* **What this task involves**
Pictures stay out of the copy. Retype exactly, and only, the lines from the one containing "Another thing I" through the end of the listing below.

* **Available data**
____
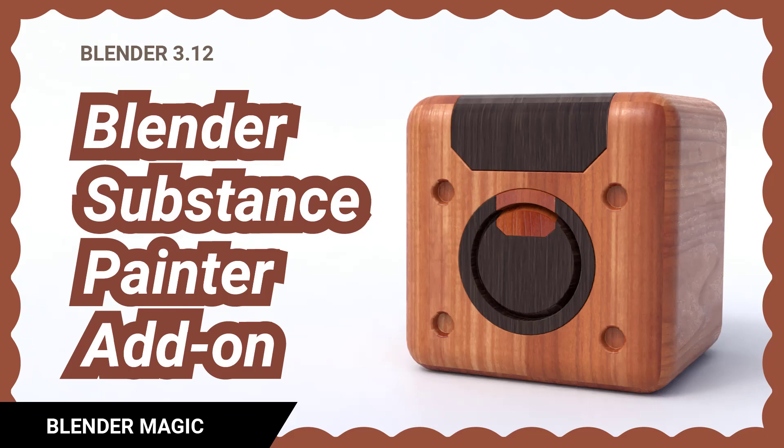Those of you who own Substance Painter can actually use its materials inside Blender if you install the add-on called Substance 3D in Blender. The link is in the description so I suggest you try it.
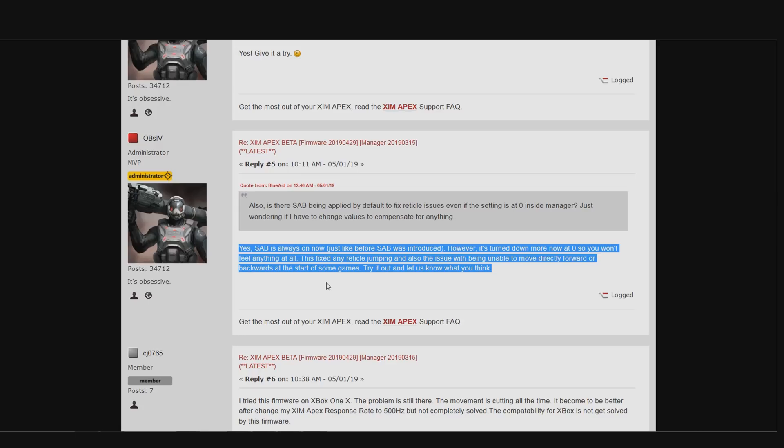Another thing I should maybe mention is that this change only applies to the SAB value of zero. So any other simulate analog behavior value hasn't been touched at all. That means if you are using an SAB value in one of your configs, let's say SAB 50 or 70 or whatever value you use, then that value will have the very same effect and strength as it has right now with your previous beta firmware that you have installed on your XIM right now.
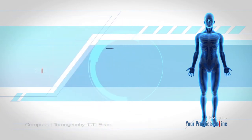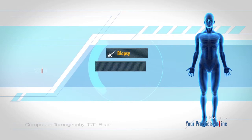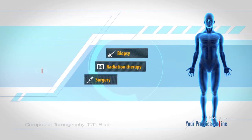CT scan is also used to guide procedures such as biopsy, radiation therapy, and surgery.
____
* **Result for this exercise**
Another thing I should maybe mention is that this change only applies to the SAB value of zero. So any other simulate analog behavior value hasn't been touched at all. That means if you are using an SAB value in one of your configs, let's say SAB 50 or 70 or whatever value you use, then that value will have the very same effect and strength as it has right now with your previous beta firmware that you have installed on your XIM right now.
CT scan is also used to guide procedures such as biopsy, radiation therapy, and surgery.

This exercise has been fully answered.